All of the data below is to be repeated exactly, except for the pictures.

## [AVAILABLE DATA]
----
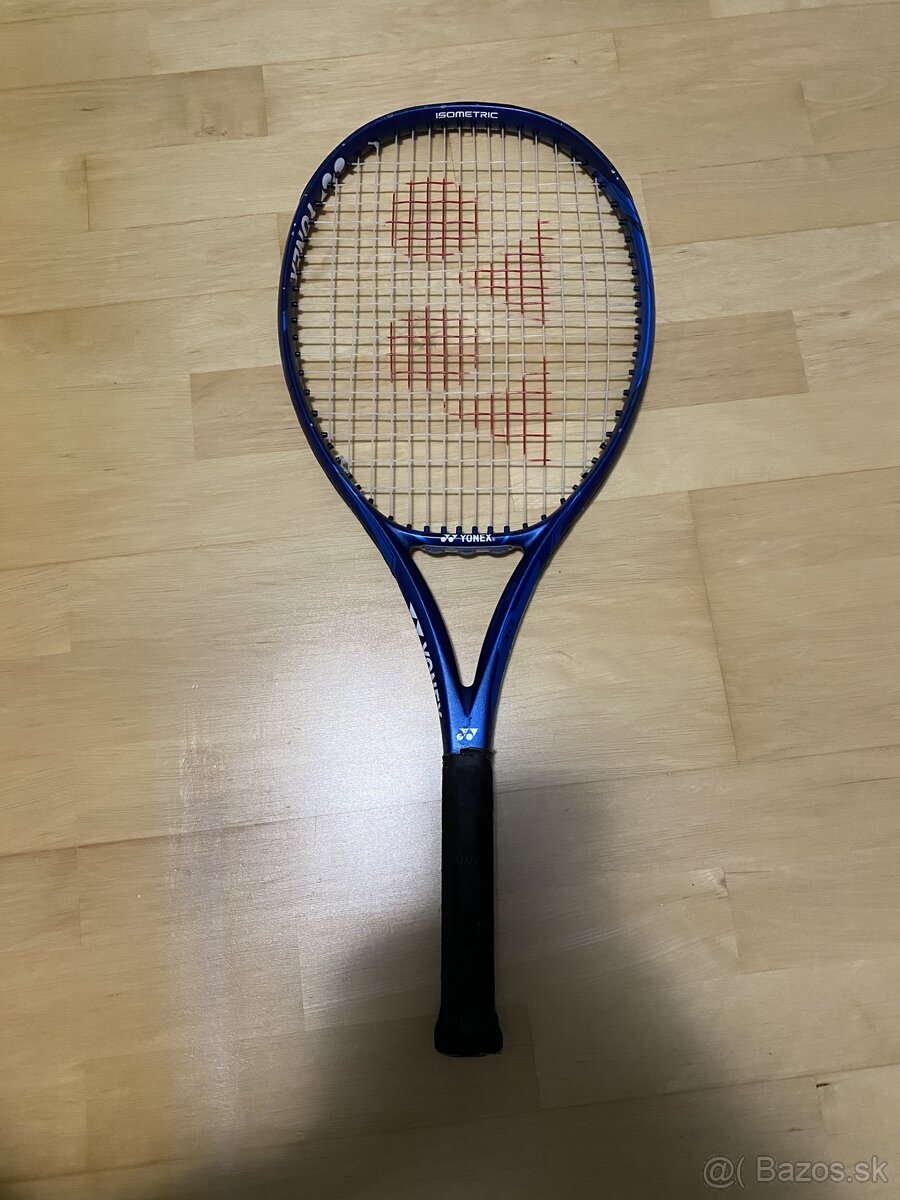 Predam raketu Yonex EZONE Tour 98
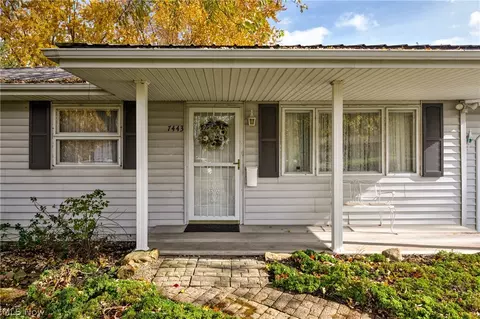 Exterior - 7443 Sugartree Dr, Boardman, OH 44512 photo 4 of 9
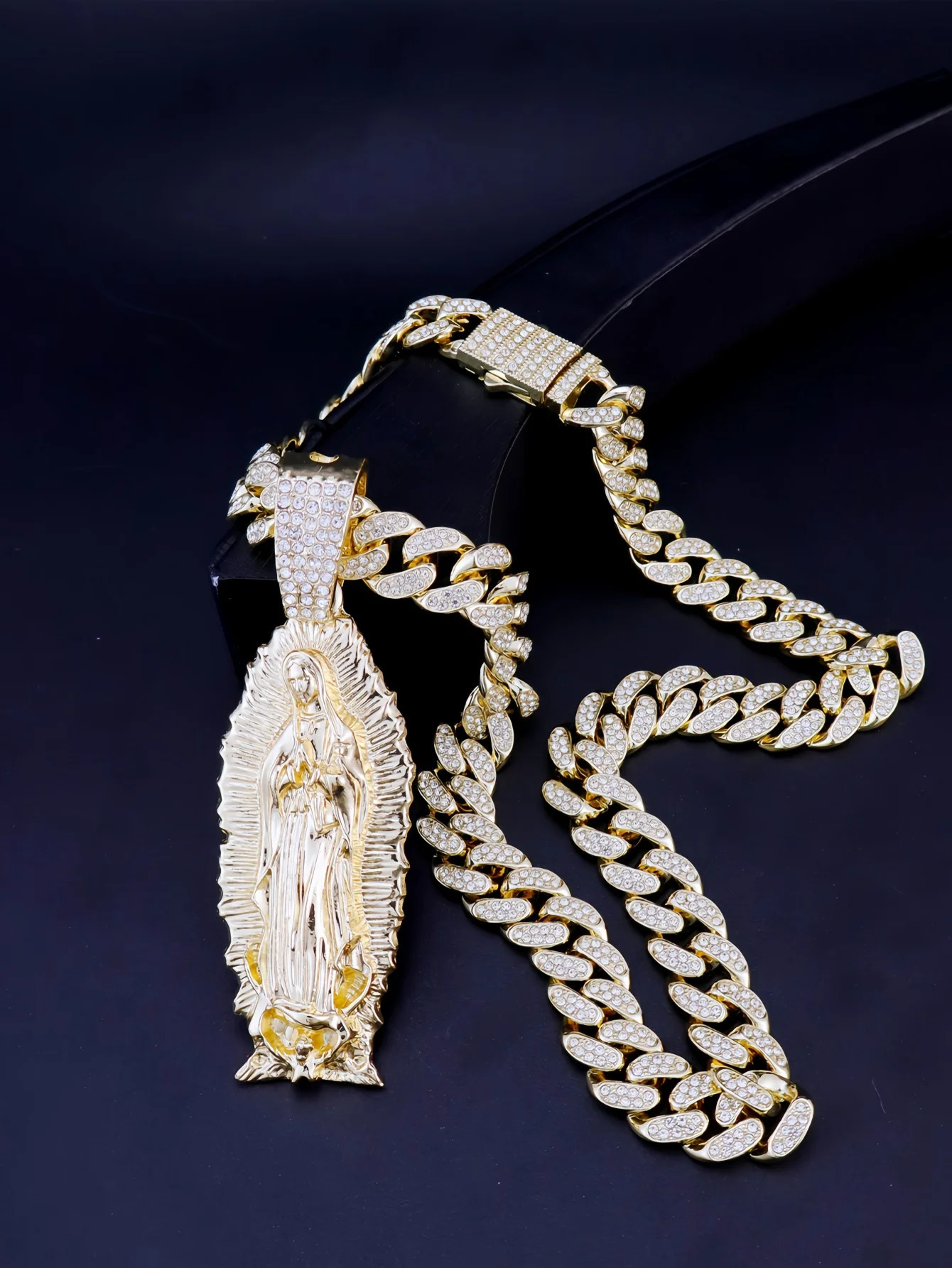 1 Piece Hip Hop Rock Punk Style 14K Gold Plated Virgin Mary Mother Pendant Necklace for Men and Women Cuban Chunky Chain 250509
----
## [THE ANSWER]
 Predam raketu Yonex EZONE Tour 98
 Exterior - 7443 Sugartree Dr, Boardman, OH 44512 photo 4 of 9
 1 Piece Hip Hop Rock Punk Style 14K Gold Plated Virgin Mary Mother Pendant Necklace for Men and Women Cuban Chunky Chain 250509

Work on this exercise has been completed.